[Scraped caption text data]
══════

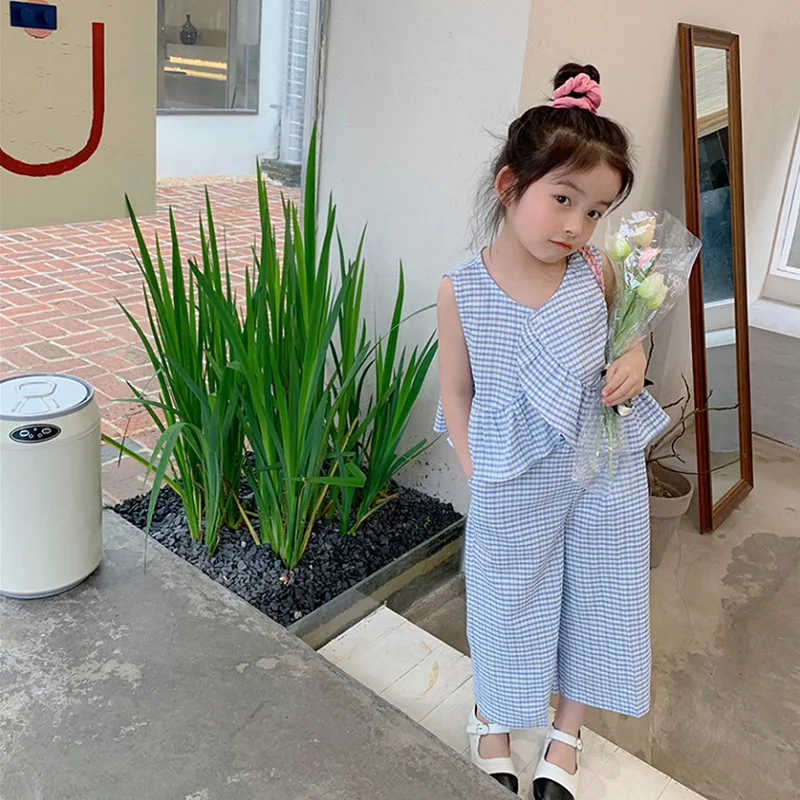Summer Fashion Baby Girls Cotton Blue Plaid Sleeveless Ruffled Shirt Tops + Loose Pant Sets Kids 2 Pieces Outfits 2-8 Years
Summer Fashion Baby Girls Cotton Blue Plaid Sleeveless Ruffled Shirt Tops + Loose Pant Sets Kids 2 Pieces Outfits 2-8 Years
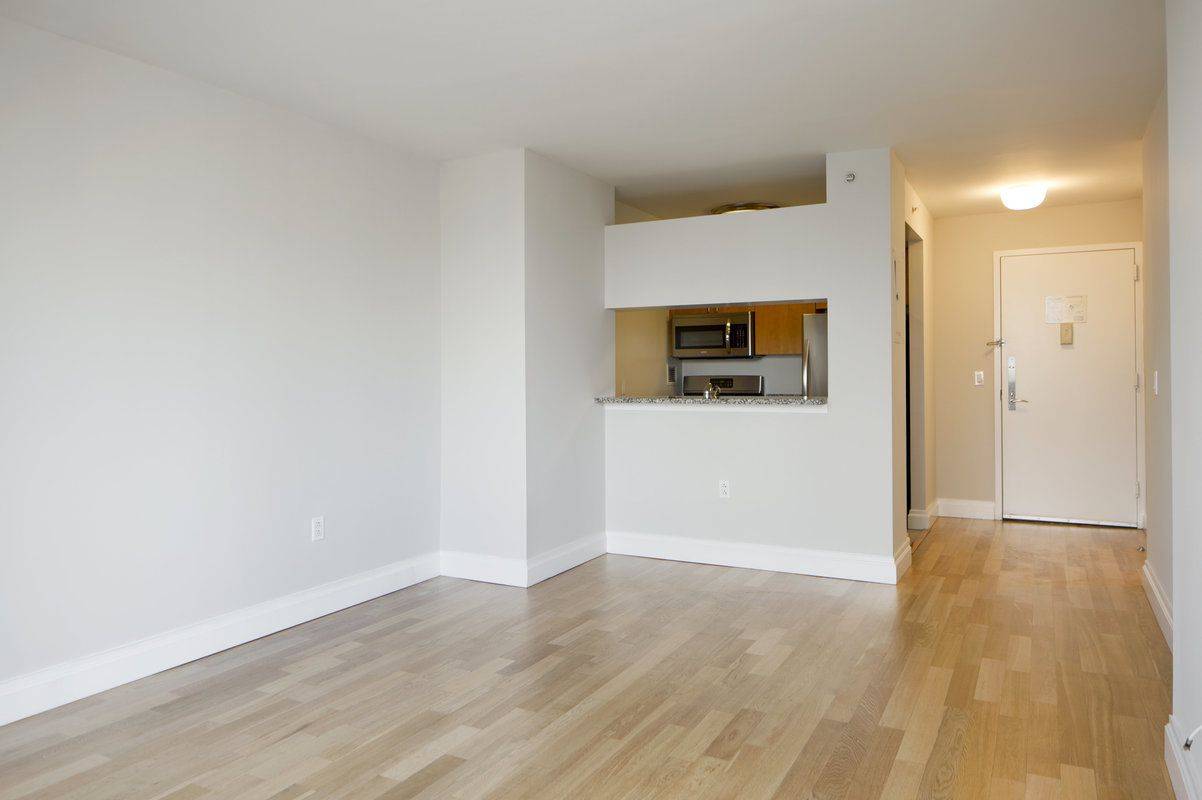 Spacious One Bedroom in Manhattans Most Vibrant Neighborhoods!!
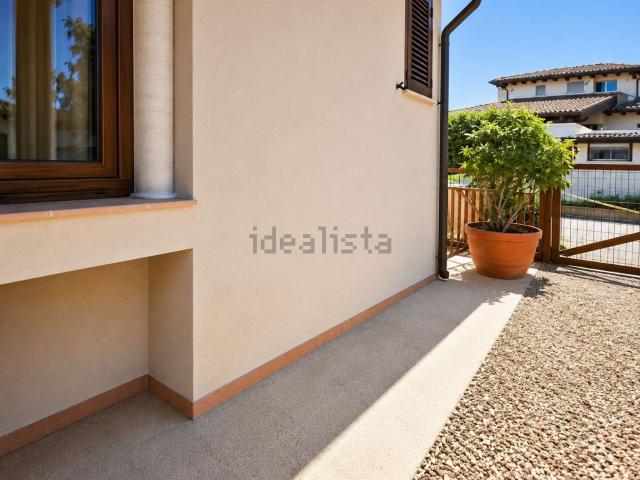 Case e ville in vendita di 250 m² in Via de Gasperi, 15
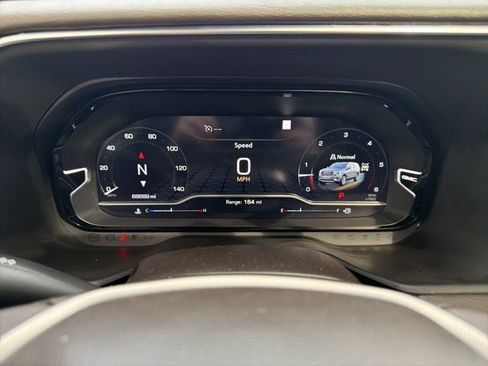 Used 2022 GMC Yukon XL Denali AWD/4WD image 33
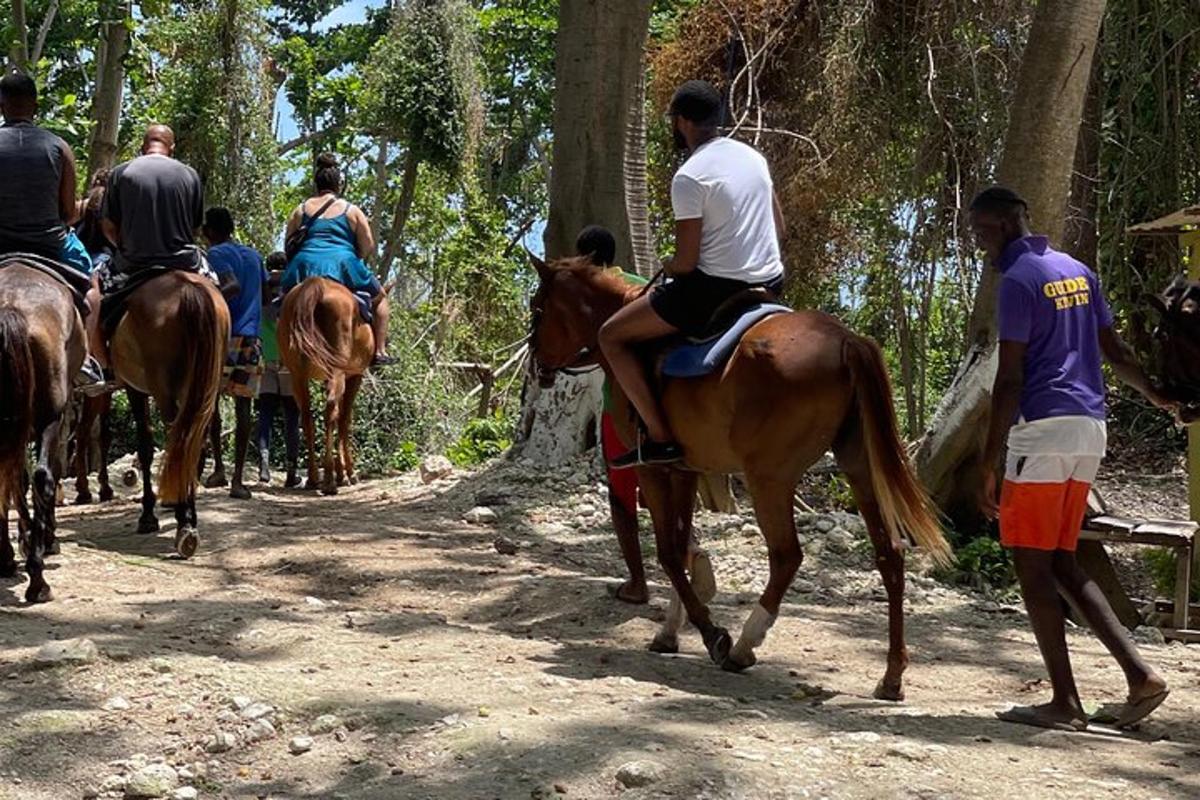 un gruppo di persone a cavallo su una strada sterrata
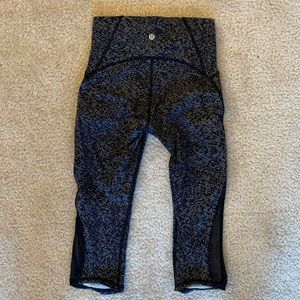 Lululemon cropped leggings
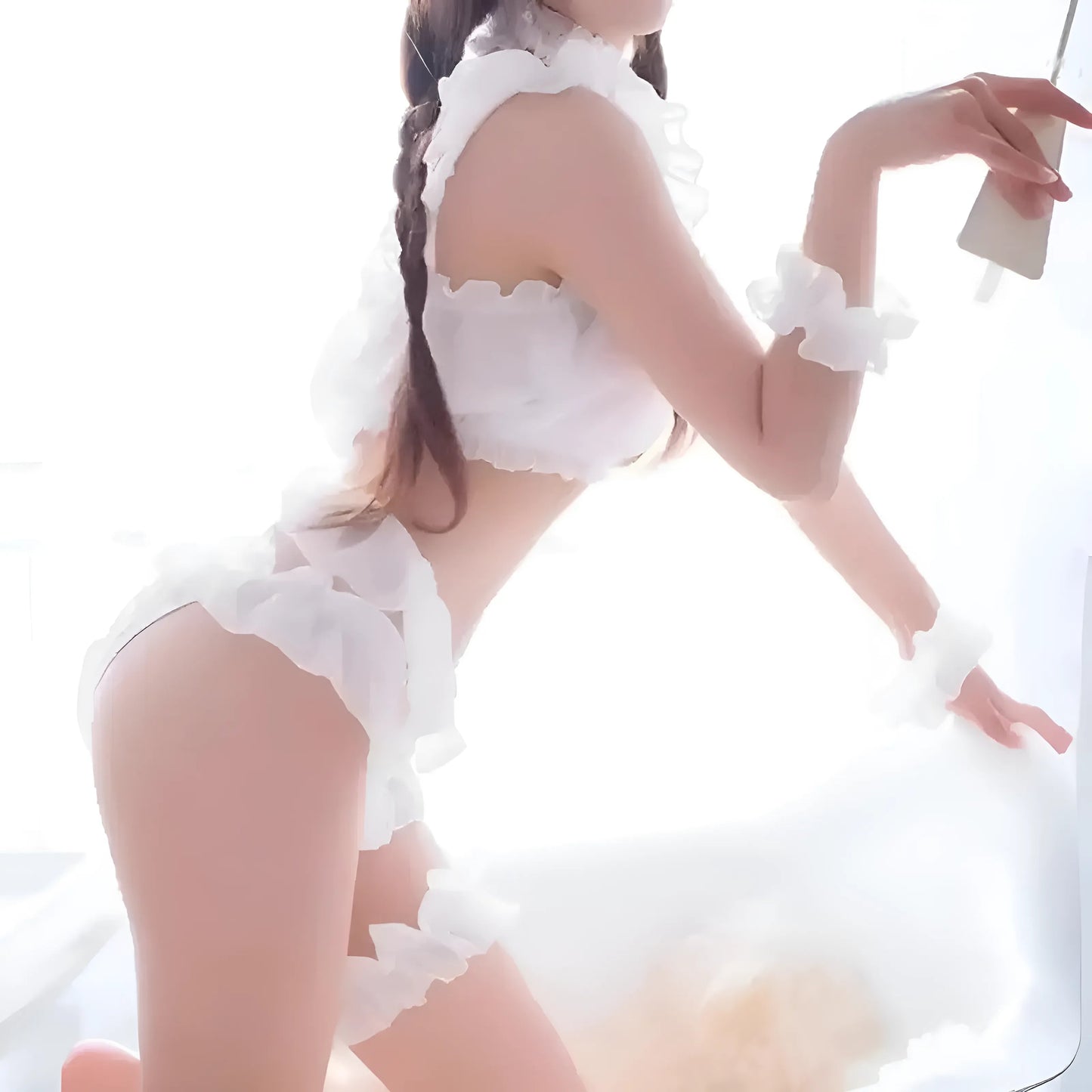 Tenue sensuelle à volants
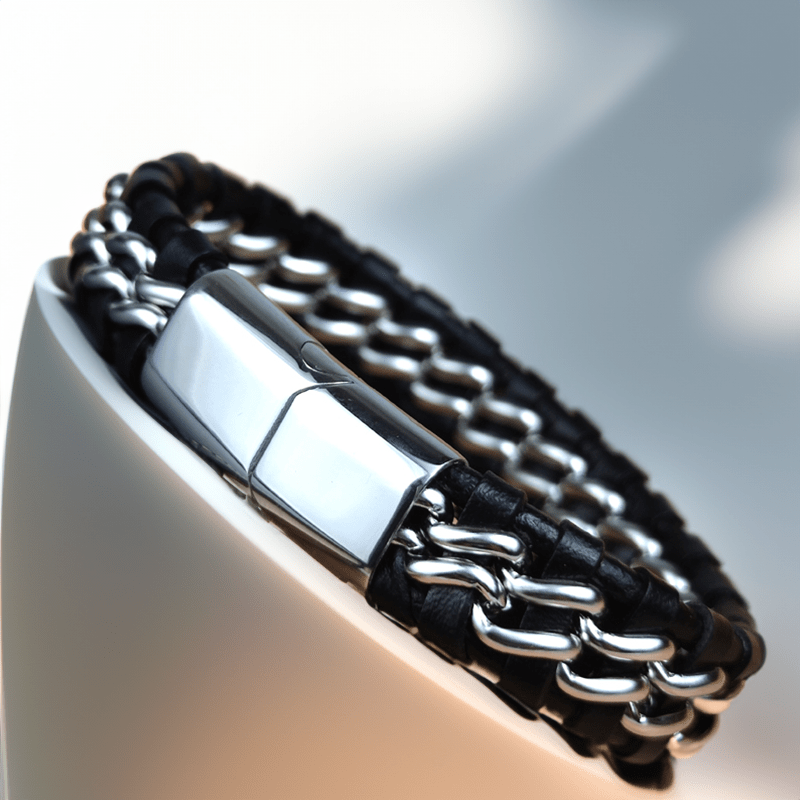 Bracelet en cuir tressé et acier inoxydable argent posé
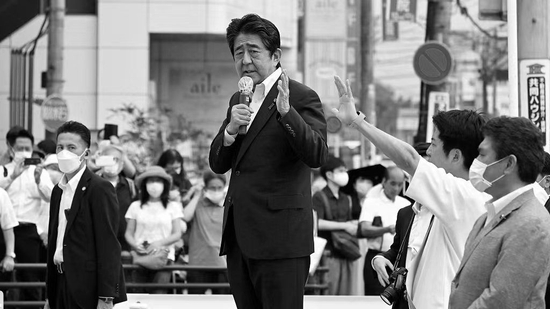 日本前首相安倍演讲中遭枪击后失血过多去世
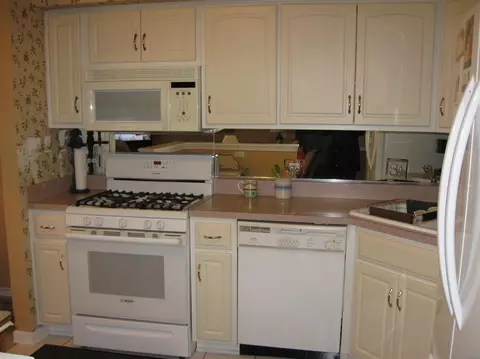 401 Swan Dr #1-B, Dyer, IN 46311 photo 9
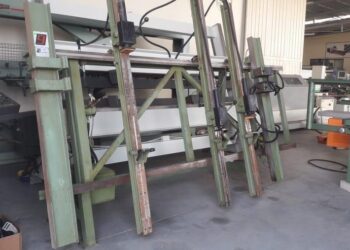 I shkaktuan 16 milionë lekë dëm kompanisë, pranga magazinierit e përgjegjësit që vodhën mobilerinë
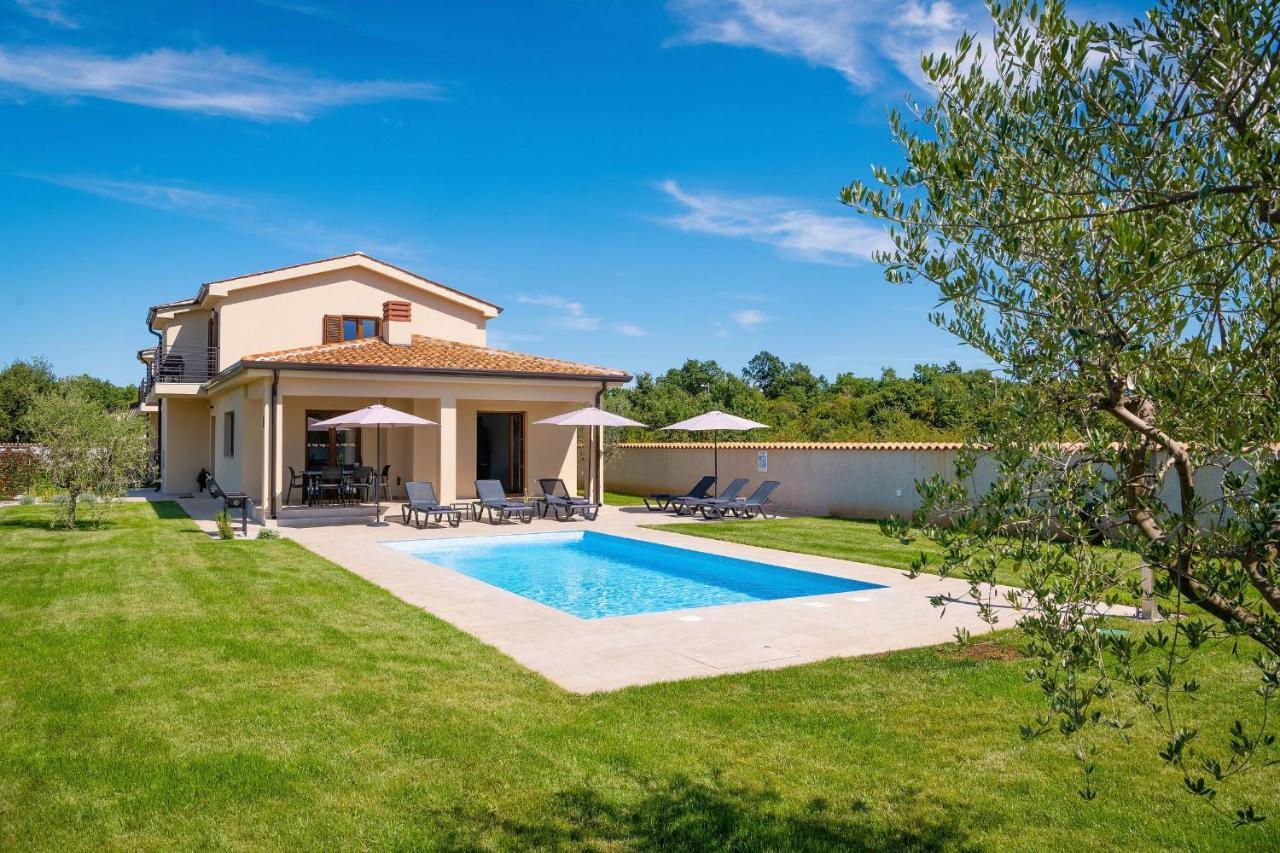 Holiday House Luca Porec Exterior photo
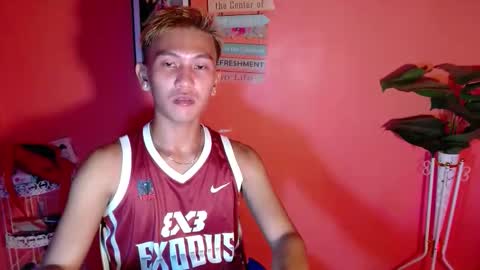 Snapshot of ralfhuge24 chatting on October 17, 4:55 pm ralfhuge24 online show from October 17, 4:55 pm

══════

• _Your instructions_
Leave the pictures out. Transcribe exactly the lines from the one with "Spacious One Bedroom" through the end of the records.

• _Solution for this exercise_
 Spacious One Bedroom in Manhattans Most Vibrant Neighborhoods!!
 Case e ville in vendita di 250 m² in Via de Gasperi, 15
 Used 2022 GMC Yukon XL Denali AWD/4WD image 33
 un gruppo di persone a cavallo su una strada sterrata
 Lululemon cropped leggings
 Tenue sensuelle à volants
 Bracelet en cuir tressé et acier inoxydable argent posé
 日本前首相安倍演讲中遭枪击后失血过多去世
 401 Swan Dr #1-B, Dyer, IN 46311 photo 9
 I shkaktuan 16 milionë lekë dëm kompanisë, pranga magazinierit e përgjegjësit që vodhën mobilerinë
 Holiday House Luca Porec Exterior photo
 Snapshot of ralfhuge24 chatting on October 17, 4:55 pm ralfhuge24 online show from October 17, 4:55 pm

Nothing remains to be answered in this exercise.